Beta This part of GOV.UK is being rebuilt – find out what this means

HMRC internal manual

Property Income Manual

From
HM Revenue & Customs
Updated
, see all updates

Deductions: Interest: Restriction of relief for income tax purposes from 2017-2018

 

 

Sections 272A, 272B, 274A, 274AA, 274B and 274C ITTOIA 2005

Sections 399A and 399B ITA 2007

These sections, introduced by s.24 Finance (No. 2) Act 2015 and s.26 Finance Act 2016, collectively have the effect of limiting relief for relevant interest and finance costs to the basic rate of relief.  The changes take full effect over several years between 2017/18 and 2020/21.

 

Calculation of the restriction

Relevant finance costs

The restrictions apply in respect of:

  • Income tax charged in relation to property businesses carried on by individuals (whether alone or in partnership), trustees and personal representatives of deceased estates and individuals who as beneficiaries of estates are chargeable to income tax under Chapter 6 of Part 5 of ITTOIA (see TSEM7453).  Companies carrying on property business are not affected.
  • Interest and other finance costs on loans taken out for a property business which involves the letting of residential properties.  Loans which are wholly for commercial properties, or for properties which are used for a furnished holiday letting business (see PIM4100) are not affected
  • Any payments which, although not described as interest, are made in connection with a relevant loan and are economically equivalent to interest in the hands of the recipient.  This would include amounts chargeable under Chapter 2A, Part 4 of ITTOIA.
  • Any incidental costs incurred in obtaining the loan.  This includes items such as fees or commission payments, but would exclude, for instance, exchange rate losses on a loan taken out in a currency other than sterling.

 

Relevant residential property lets

The restrictions apply to what the legislation terms a ‘dwelling-related loan’.  This means any amount borrowed for the purposes of a property business, to the extent to which both of the following apply:

  • the business consists of receiving rental income from a dwelling-house, and
  • the loan amount is used for that part of the business.
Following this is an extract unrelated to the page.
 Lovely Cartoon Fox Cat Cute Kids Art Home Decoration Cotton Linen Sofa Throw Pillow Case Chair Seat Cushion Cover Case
“Dwelling-house” has its normal dictionary meaning in this context, and can include part of a dwelling-house as well as the land and gardens attached to the house.  However furnished holiday accommodation which is let commercially (see PIM4100), is specifically excluded from the definition of “dwelling-house”.
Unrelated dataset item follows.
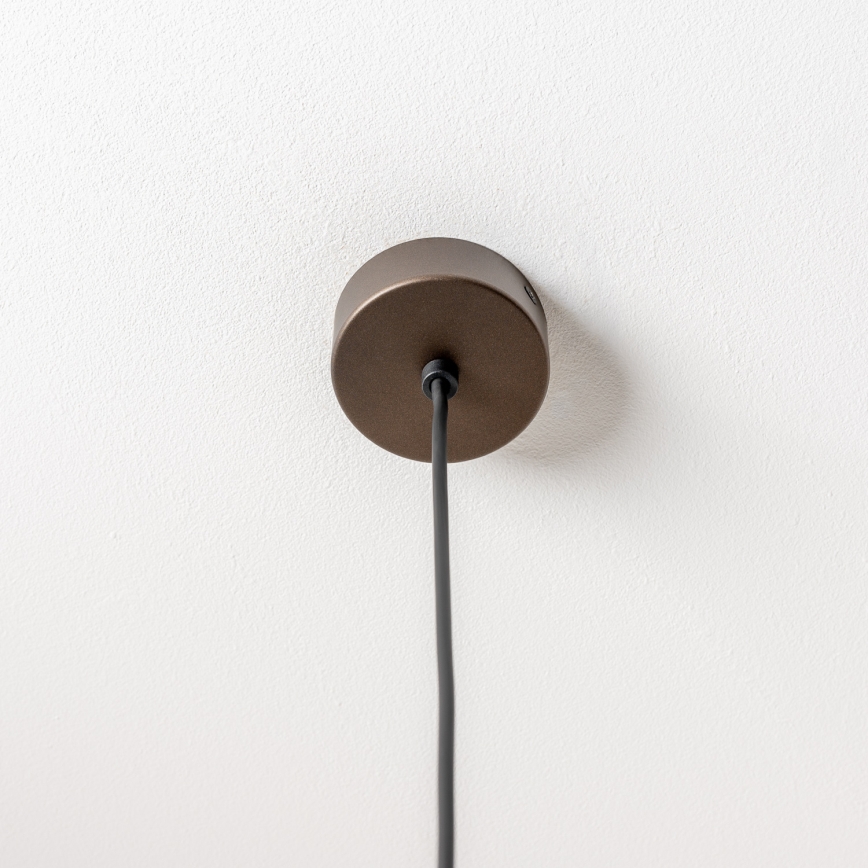 BRILAGI - Lustre pendente com cabo VULCANO 1xE27/15W/230V Ø 25 cm bronze/bege fumê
A loan will be regarded as being for the purposes of a relevant property business if it is for the acquisition, construction or adaptation of the dwelling-house in question.

 

Apportionment on a just and reasonable basis

Where a property business consists of the letting of both a dwelling-house or dwelling-houses, and other letting, then it may be necessary to apportion interest and finance costs on any loan which has been taken out for the purposes of the whole letting business.  The restrictions will apply only to the proportion of the interest and finance costs which relate to the dwelling-house letting.

The legislation does not stipulate how the apportionment is to be made, other than that it must be on a ‘just and reasonable basis’.   The examples below show some possible ways in which an apportionment might be made.

 

Example 1

Mushtak takes out a mortgage of £120,000 towards the purchase of a rental property which has a retail shop on the ground floor, with a separate residential flat on the first floor.  At the time the mortgage is taken out, the mortgage provider values the shop premises at £50,000 and the flat at £150,000.  Mushtak’s annual mortgage payments include interest of £4,800.
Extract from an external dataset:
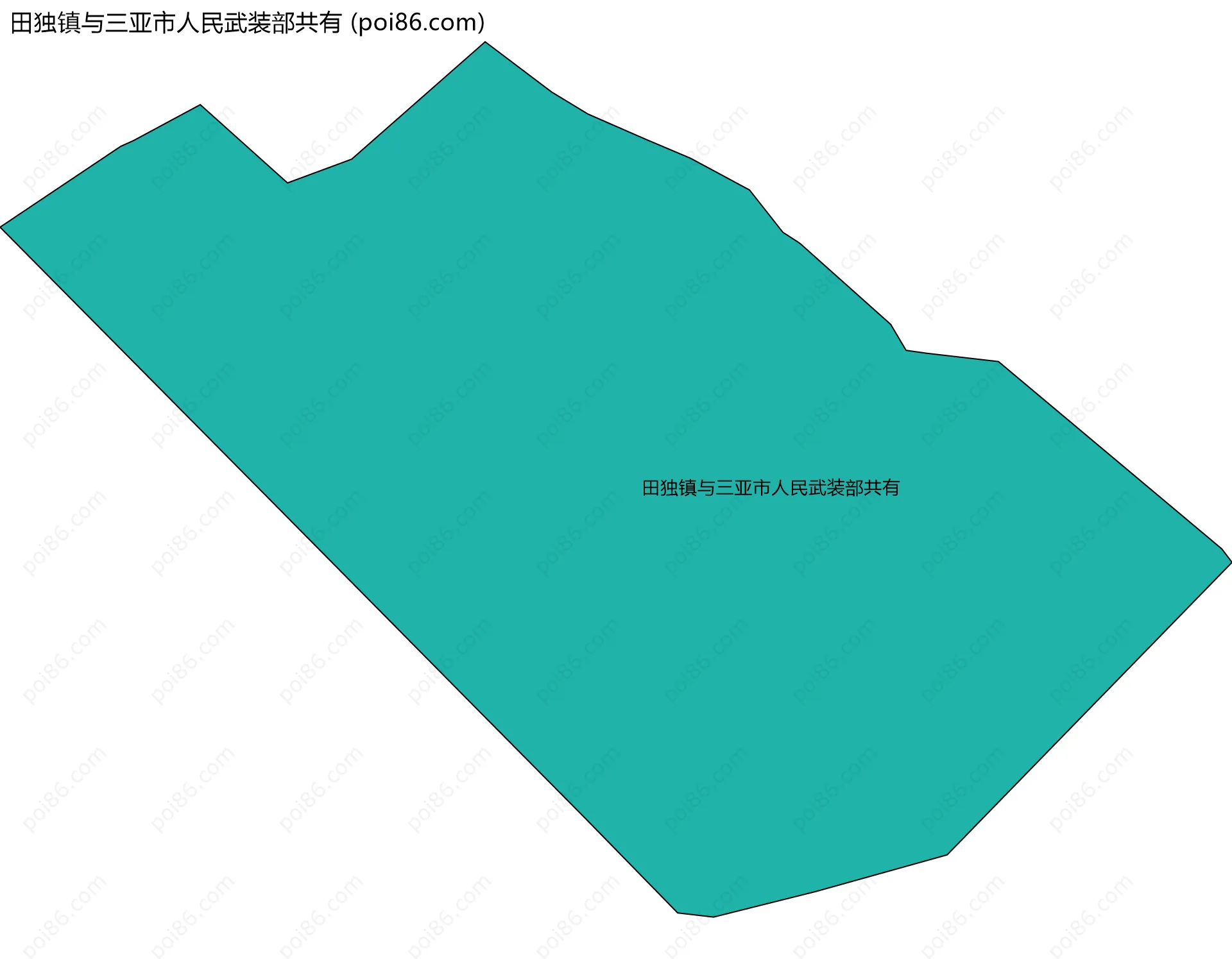 田独镇与三亚市人民武装部共有边界地图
To decide how much of the mortgage interest is subject to the restrictions applying to a ‘dwelling-related loan’, Mushtak multiplies the interest cost of £4,800 by 0.75 (the value of the residential flat as a proportion of the value of the whole property).  This gives a figure of £3,600 interest to which the finance cost restrictions apply.  See below for how the restriction calculations work.

Mushtak may deduct the balance of £1,200 mortgage interest from his property rental income as part of the calculation used to arrive at his taxable rental profit.

 

Example 2

Amanda inherits a rental property which consists of several self-contained small office premises.  The property is dilapidated and not generating as much income as she would like, so she decides to convert some of the office space into a one-bedroom rental flat while upgrading the remaining office premises.  She borrows £80,000 to do the work.  Of that, she uses £70,000 for the flat conversion work, and £10,000 to develop some of the office space into an open-plan co-working hub which she intends to let to young entrepreneurs.  Her annual mortgage payments include interest of £3,000.

To decide how much of the mortgage interest is subject to the restrictions applying to a ‘dwelling-related loan’, Amanda multiplies the interest cost of £3,000 by 0.875 (the amount spent on the flat as a proportion of the whole loan).  This gives a figure of £2,625 to which the finance cost restrictions apply. See below for how the restriction calculations work.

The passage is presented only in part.